• _TASK TO COMPLETE_
Pictures are to be left out, and only the lines from the one with "HP OmniBook Ultra" through the last line of the listing below are to be repeated exactly.

** Opening STORED DATA block **

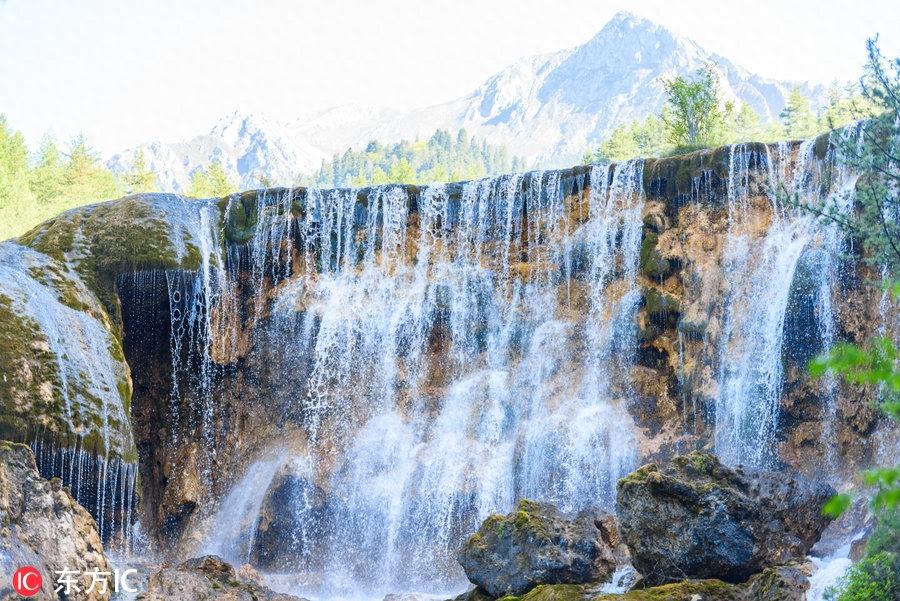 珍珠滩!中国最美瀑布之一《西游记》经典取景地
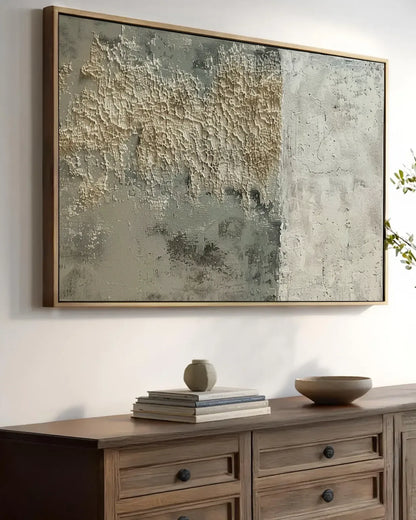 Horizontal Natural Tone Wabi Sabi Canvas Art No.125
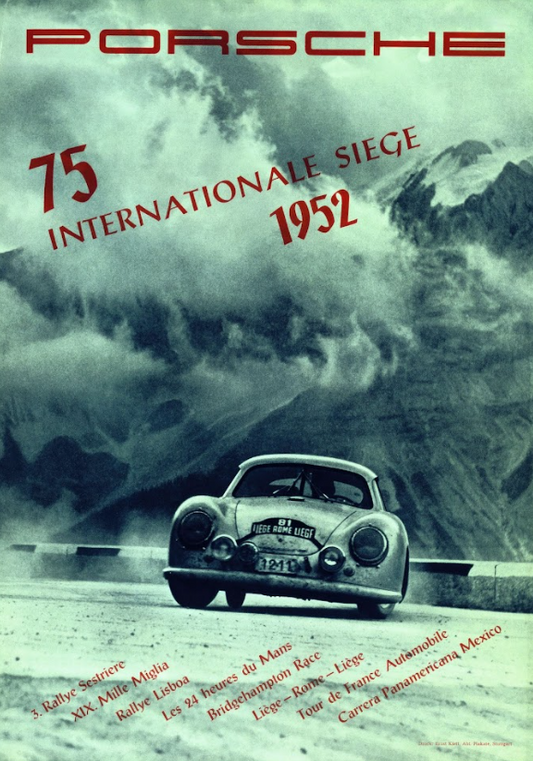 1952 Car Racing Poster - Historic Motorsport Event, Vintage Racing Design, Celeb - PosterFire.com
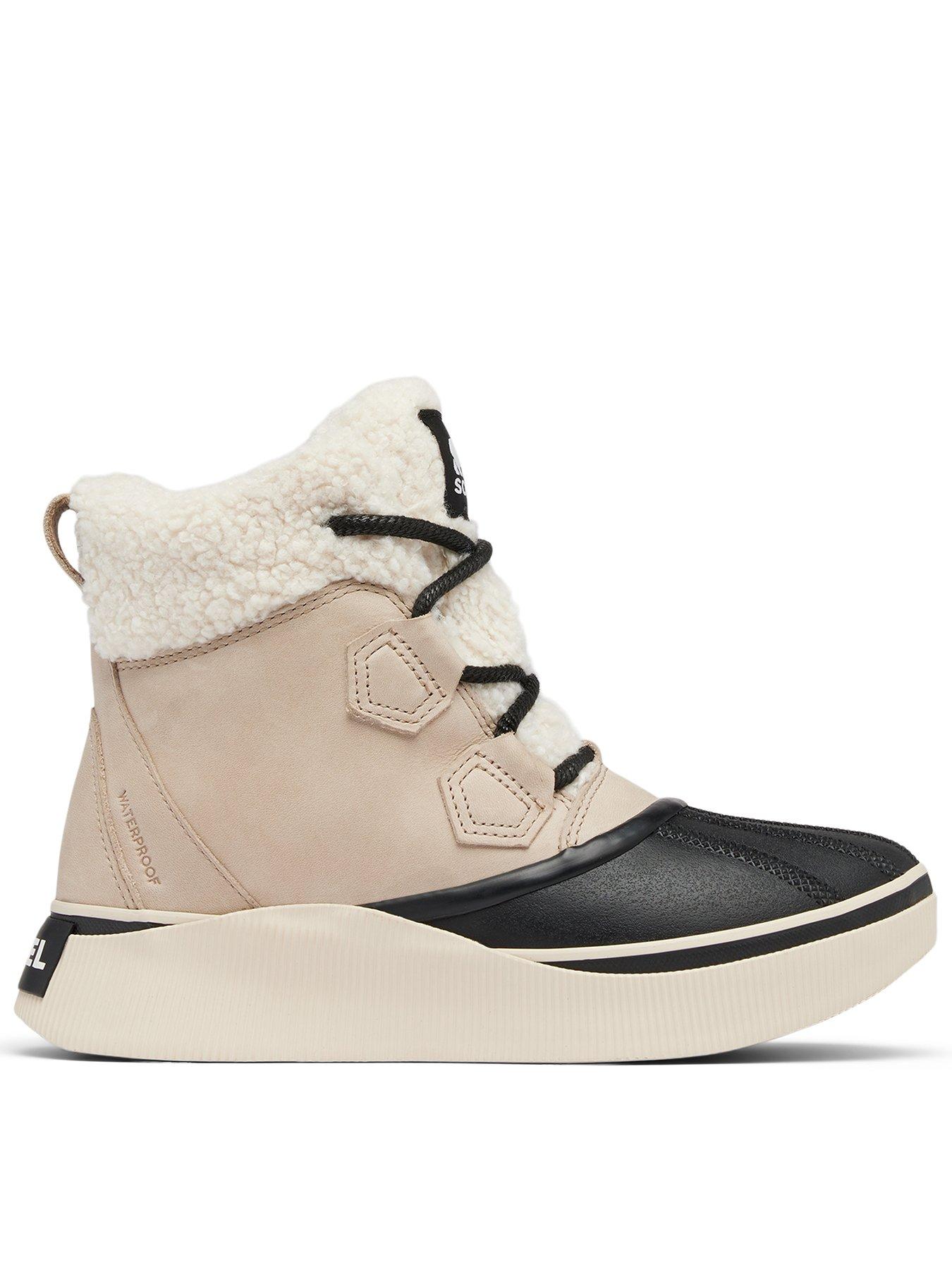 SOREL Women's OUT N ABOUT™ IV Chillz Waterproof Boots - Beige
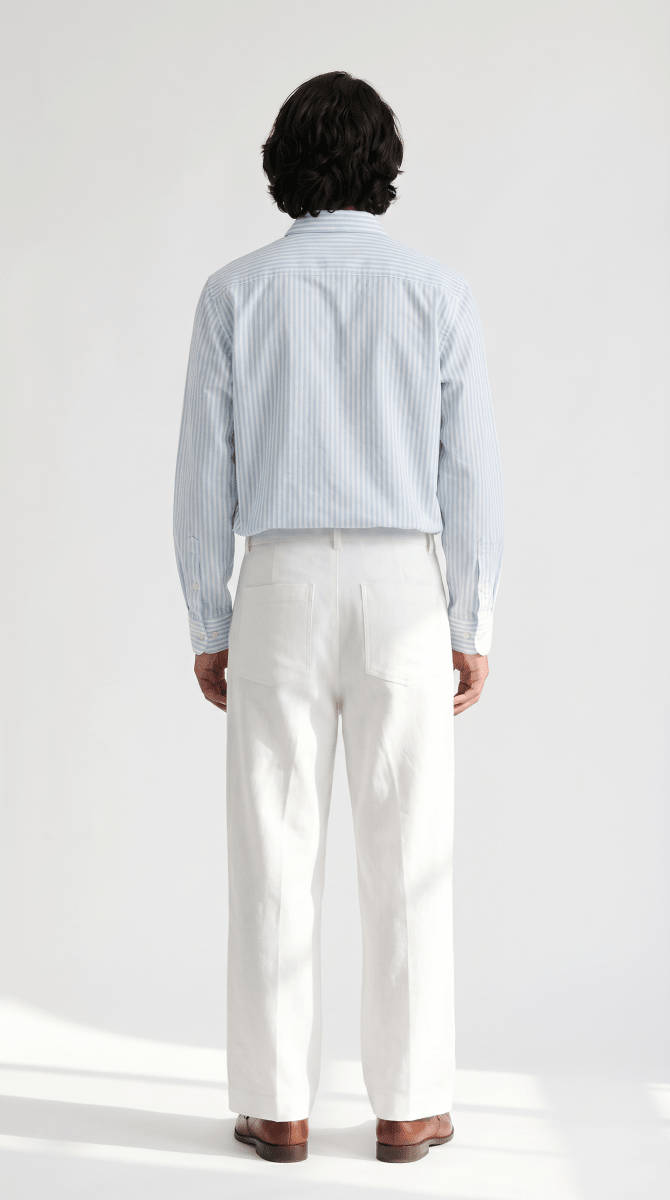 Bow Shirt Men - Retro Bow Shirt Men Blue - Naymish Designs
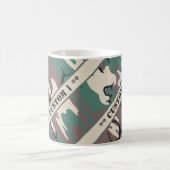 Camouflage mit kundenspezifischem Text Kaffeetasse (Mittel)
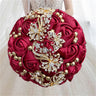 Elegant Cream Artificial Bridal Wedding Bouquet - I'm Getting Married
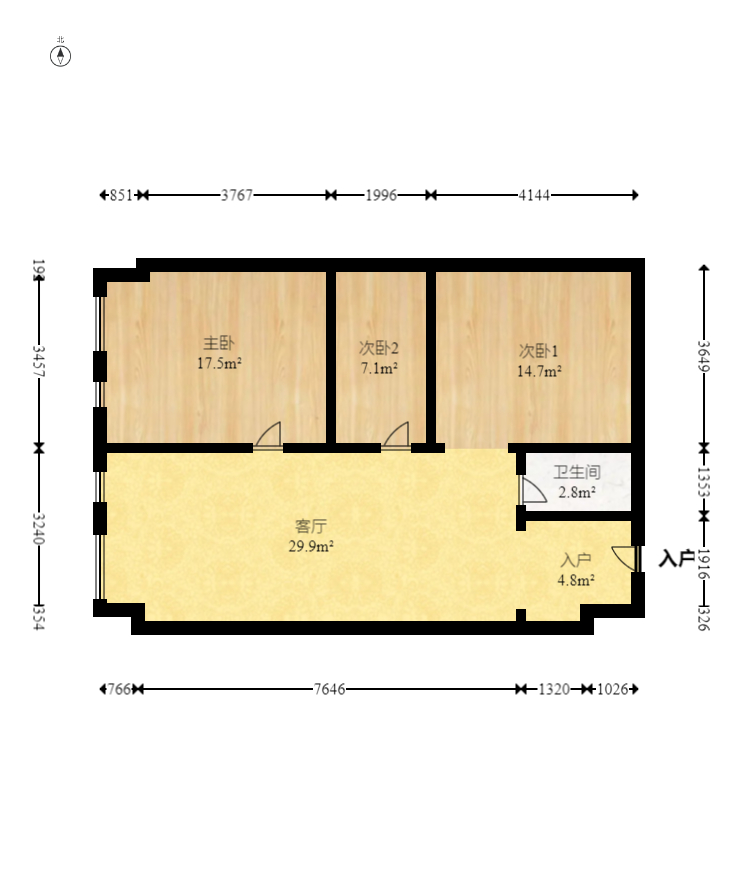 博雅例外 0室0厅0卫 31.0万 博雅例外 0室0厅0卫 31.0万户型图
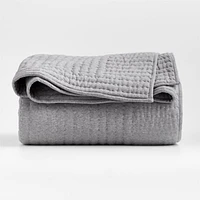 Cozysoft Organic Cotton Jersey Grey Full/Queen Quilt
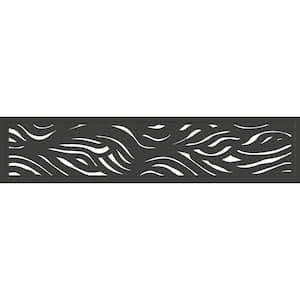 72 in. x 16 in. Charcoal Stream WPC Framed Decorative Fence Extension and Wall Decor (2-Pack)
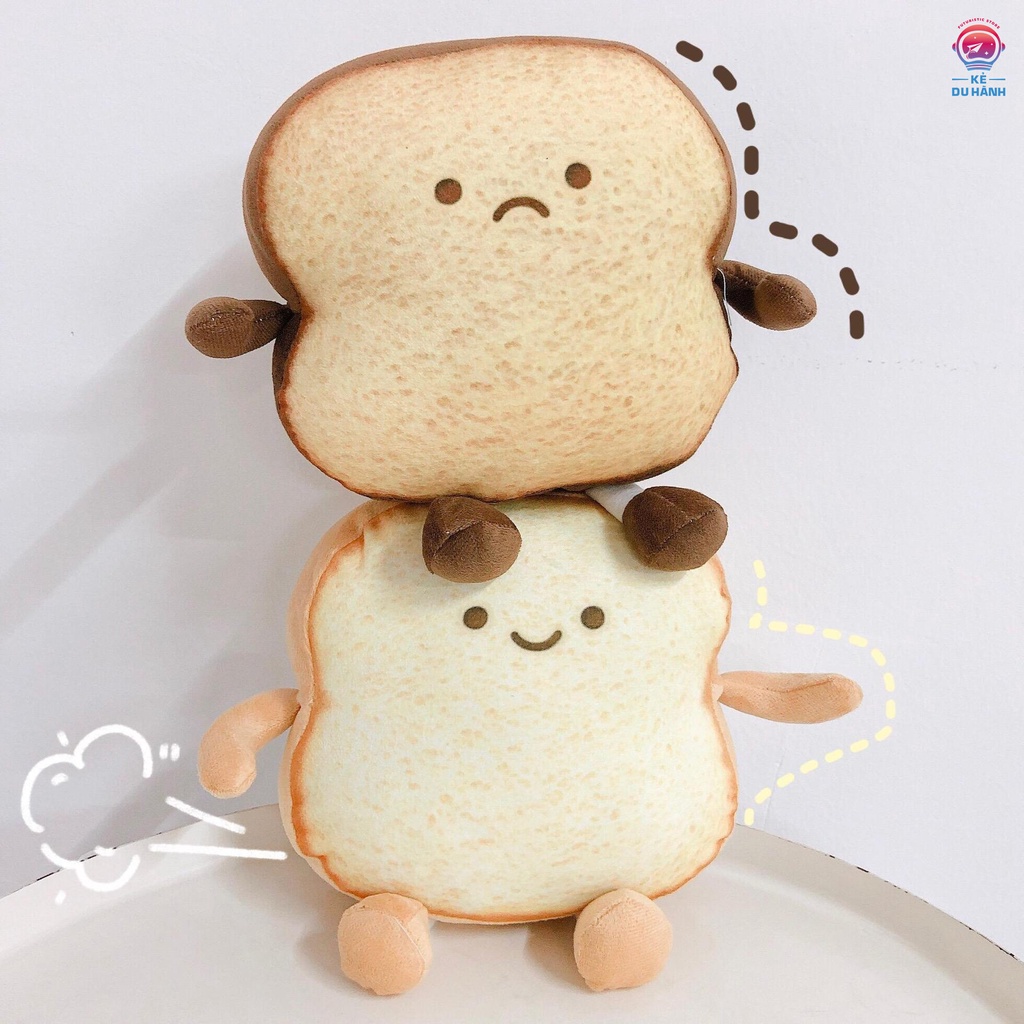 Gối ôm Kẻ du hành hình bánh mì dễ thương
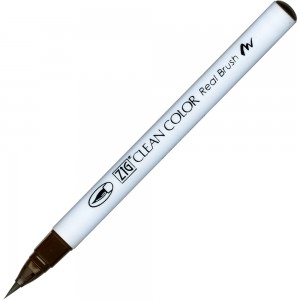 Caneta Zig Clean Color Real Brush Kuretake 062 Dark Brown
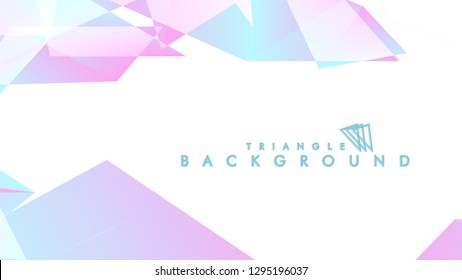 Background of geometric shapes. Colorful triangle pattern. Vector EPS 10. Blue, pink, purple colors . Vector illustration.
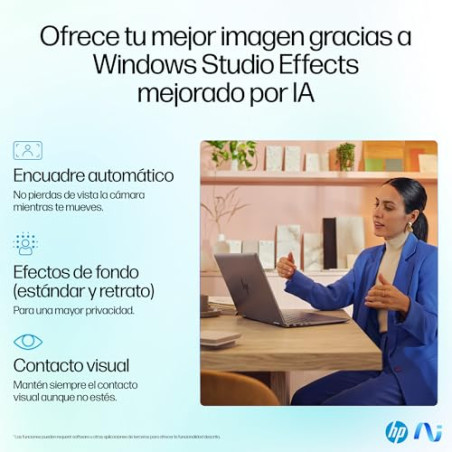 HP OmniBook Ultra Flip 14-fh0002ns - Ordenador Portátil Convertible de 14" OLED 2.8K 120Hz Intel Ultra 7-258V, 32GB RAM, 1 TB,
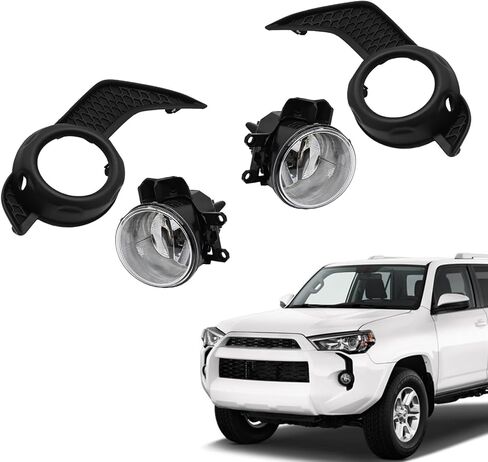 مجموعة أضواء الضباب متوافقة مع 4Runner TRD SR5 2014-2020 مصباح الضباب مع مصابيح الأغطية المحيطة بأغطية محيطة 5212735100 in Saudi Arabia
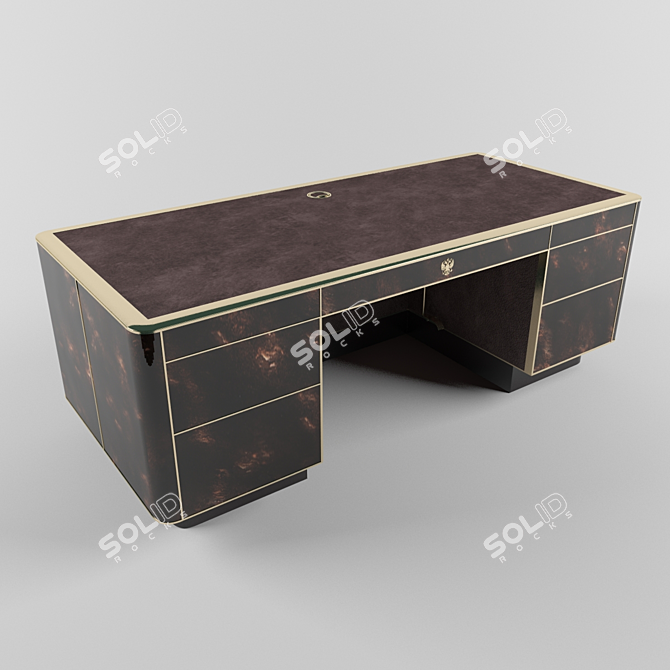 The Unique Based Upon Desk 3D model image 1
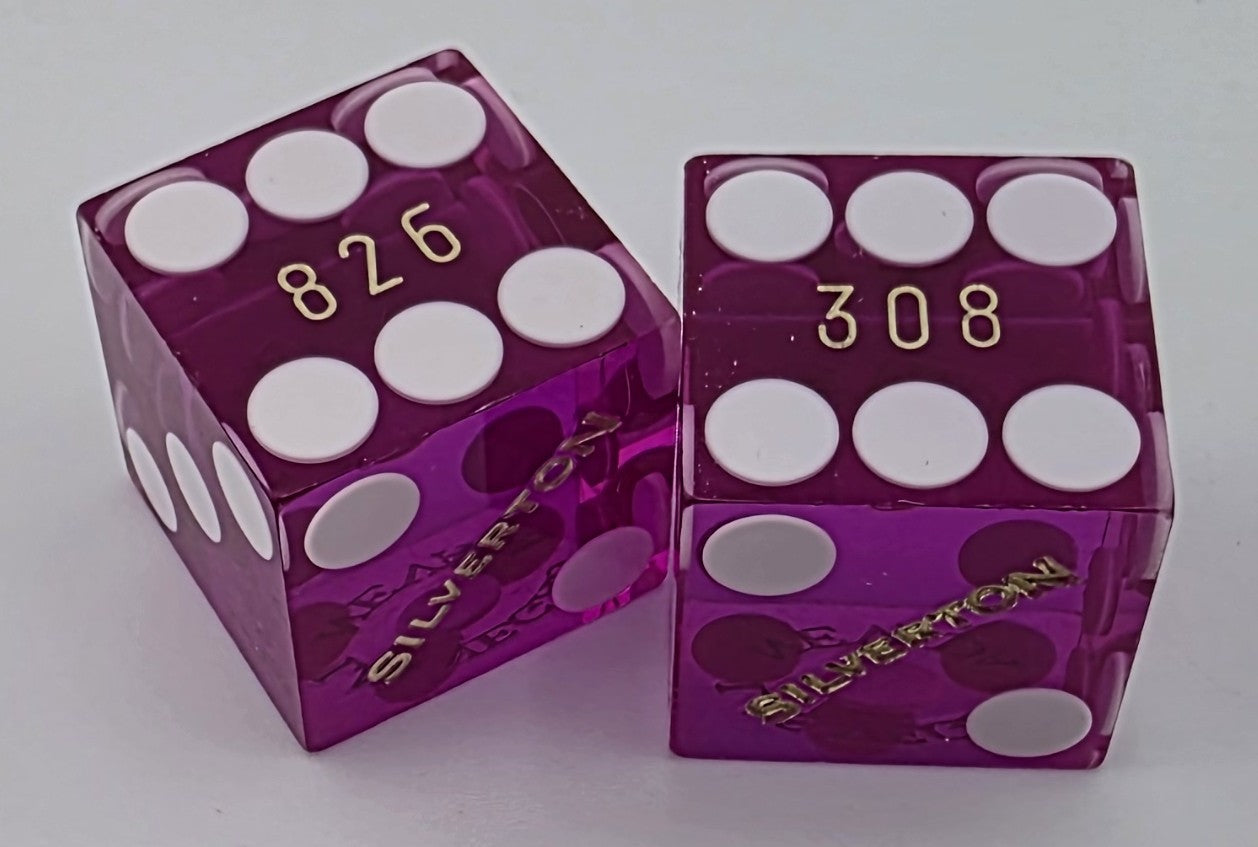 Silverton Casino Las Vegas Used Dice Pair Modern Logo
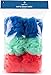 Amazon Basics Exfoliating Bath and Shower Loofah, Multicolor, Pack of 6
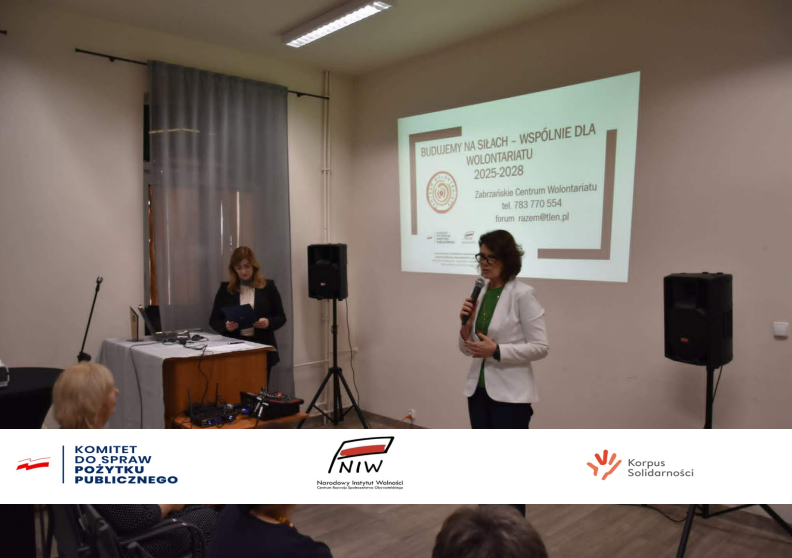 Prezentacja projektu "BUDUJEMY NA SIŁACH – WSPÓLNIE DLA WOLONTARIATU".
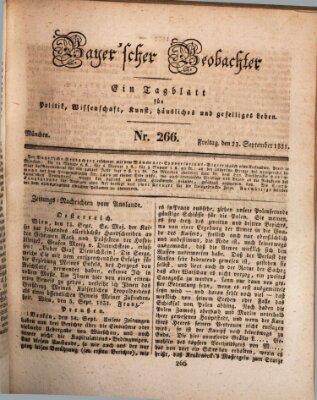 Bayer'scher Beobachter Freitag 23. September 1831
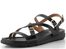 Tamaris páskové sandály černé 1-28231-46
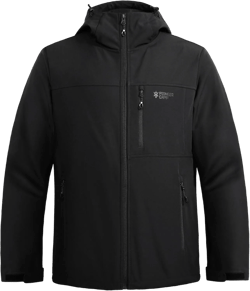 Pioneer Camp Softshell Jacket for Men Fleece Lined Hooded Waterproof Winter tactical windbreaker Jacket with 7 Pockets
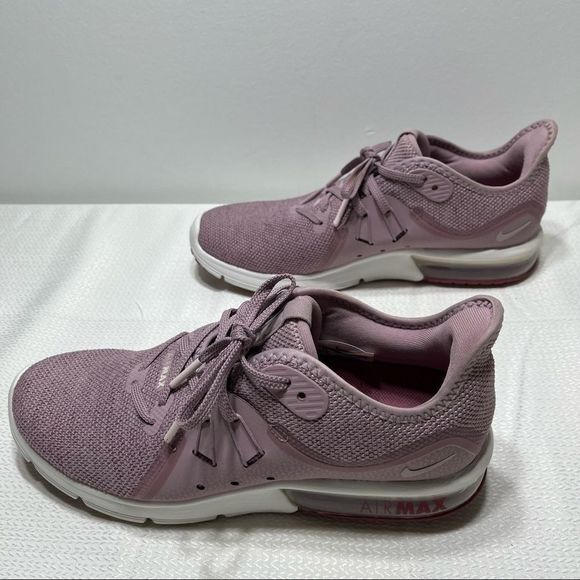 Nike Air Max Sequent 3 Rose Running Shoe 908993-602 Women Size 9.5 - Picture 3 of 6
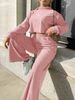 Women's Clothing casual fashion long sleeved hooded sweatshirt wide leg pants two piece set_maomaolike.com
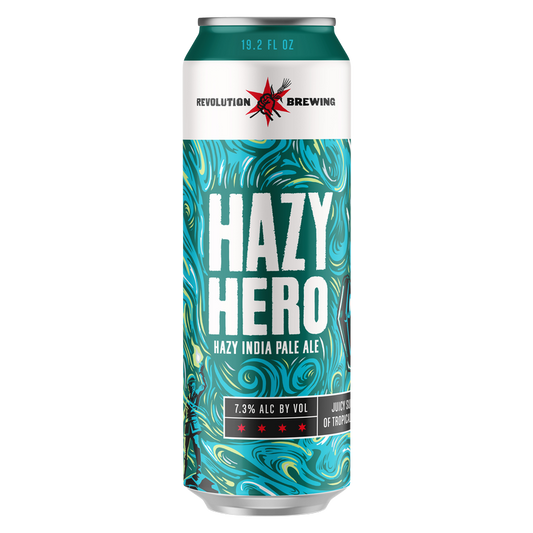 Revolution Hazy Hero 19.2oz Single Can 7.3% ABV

** Closing STORED DATA block **

• _OUTPUT_
 HP OmniBook Ultra Flip 14-fh0002ns - Ordenador Portátil Convertible de 14" OLED 2.8K 120Hz Intel Ultra 7-258V, 32GB RAM, 1 TB,
 مجموعة أضواء الضباب متوافقة مع 4Runner TRD SR5 2014-2020 مصباح الضباب مع مصابيح الأغطية المحيطة بأغطية محيطة 5212735100 in Saudi Arabia
 The Unique Based Upon Desk 3D model image 1
 Silverton Casino Las Vegas Used Dice Pair Modern Logo
 Amazon Basics Exfoliating Bath and Shower Loofah, Multicolor, Pack of 6
 Prezentacja projektu "BUDUJEMY NA SIŁACH – WSPÓLNIE DLA WOLONTARIATU".
 Bayer'scher Beobachter Freitag 23. September 1831
 Tamaris páskové sandály černé 1-28231-46
 Pioneer Camp Softshell Jacket for Men Fleece Lined Hooded Waterproof Winter tactical windbreaker Jacket with 7 Pockets
 Nike Air Max Sequent 3 Rose Running Shoe 908993-602 Women Size 9.5 - Picture 3 of 6
 Women's Clothing casual fashion long sleeved hooded sweatshirt wide leg pants two piece set_maomaolike.com
 Revolution Hazy Hero 19.2oz Single Can 7.3% ABV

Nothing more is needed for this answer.